The road to Malaqah was long and dusty but she hardly noticed it; her heart was too full. At first she had believed Baba when he said that leaving Ardales was a good thing for her and the children, but now all she could think was that with every step she was moving further away from her beloved. She hoisted the baby onto her other shoulder, kissing his cheek absent-mindedly as she did so.
Maryam tugged at her skirt and whispered, ‘Mama, when will we get there? I’m tired.’
‘Soon, my little one. Soon.’
‘Here, child, come and have a ride on the donkey,’ said Makoud, taking his granddaughter’s hand and swinging her onto its back.

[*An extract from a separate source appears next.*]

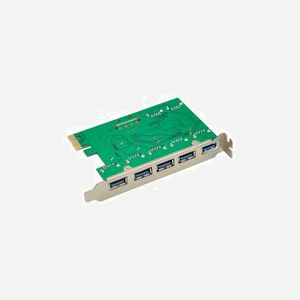 Carte contrôleur Microconnect MC-USB3.0-ST610 PCI Express USB 3.0 4 ports 5Gbps compatible Windows Linux - Miniature 4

Her father was smiling and looked happy to be on his way at last. Baba had been impatient to leave, but they had to wait out the period of mourning; by law Aisha should have remained in her mother-in-law’s house until iddah was finished—four months and ten days—but the imam had allowed her to go back to her father because of the contagion. They had burnt all the bedding and most of the clothes that were in her mother-in-law’s house—those had been Qasim’s instructions. More people would have died if it hadn’t been for his intervention; he set up a system of quarantine. He said it was the only way to stop the disease spreading. All the families who had the sickness in their houses were forbidden to go to the communal well, to the market and the mosque; instead people would take food and water to them and leave it outside their houses. The schools were closed and most people stayed within their own homes, frightened of infection. Aisha hadn’t seen her parents for months, not until the dead had been buried and she’d been declared well and not contagious. Now all she had were her widow’s robes: a white djubba, a veil, a grey djellaba and her wedding dress—she couldn’t bring herself to burn it. But none of that mattered now. She tried to stop thinking about Daud; tried to remove those last images of him as she’d washed his emaciated body, closed his eyes and lips—lips that had once tasted so sweet—and wrapped him in his shroud. He now lay in the cemetery in a shallow grave so that he could continue to hear the imam calling the faithful to prayer, surrounded by the friends and family who’d suffered the same fate. She bit her lip in anguish; she should be there with him, not crossing the country in order to start a new life.
‘What is it, daughter?’ asked Abal, her mother. ‘Why so sad?’
‘It’s nothing, Mama.’
‘Would you like me to carry the baby for a while?’
Aisha gratefully handed little Imran to his grandmother. Her back ached. She stopped a moment to sit on a rock and remove a stone from her sandal. She must force herself to stop thinking of the past; she would never be able to move forward unless she did so. If this was to be a new beginning then she must put her children first and think of the future.